Three algorithms are implemented, to represent different points in terms of the accuracy vs. memory trade-off space.

Token Bucket

Maintains a bucket of tokens per client, refilled at a fixed rate. Each request consumes one token, if the bucket is empty the request is rejected. Allows bursting up to the configured capacity.

• Memory: O(1) per client — stores token count and last refill timestamp
• Accuracy: Approximate — burst-tolerant by design
• Best for: APIs where short bursts are acceptable

Sliding Window Log

Stores the exact timestamp of every request in a Redis sorted set.

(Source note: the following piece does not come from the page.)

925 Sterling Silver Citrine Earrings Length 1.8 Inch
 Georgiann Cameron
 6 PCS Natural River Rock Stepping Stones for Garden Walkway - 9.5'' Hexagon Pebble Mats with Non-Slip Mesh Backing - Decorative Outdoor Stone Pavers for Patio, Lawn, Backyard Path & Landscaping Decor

On each request, entries older than the window are removed and the remaining count is compared against the limit.

• Memory: O(n) per client — stores one entry per request
• Accuracy: Exact — enforces the limit with perfect precision
• Best for: APIs requiring strict per-window enforcement regardless of memory cost

Sliding Window Counter

Maintains integer counters for the current and previous fixed windows, using a weighted interpolation to approximate the rolling count: weighted = prev_count * (1 - elapsed/window) + curr_count. O(1) memory with accuracy approaching the sliding window log.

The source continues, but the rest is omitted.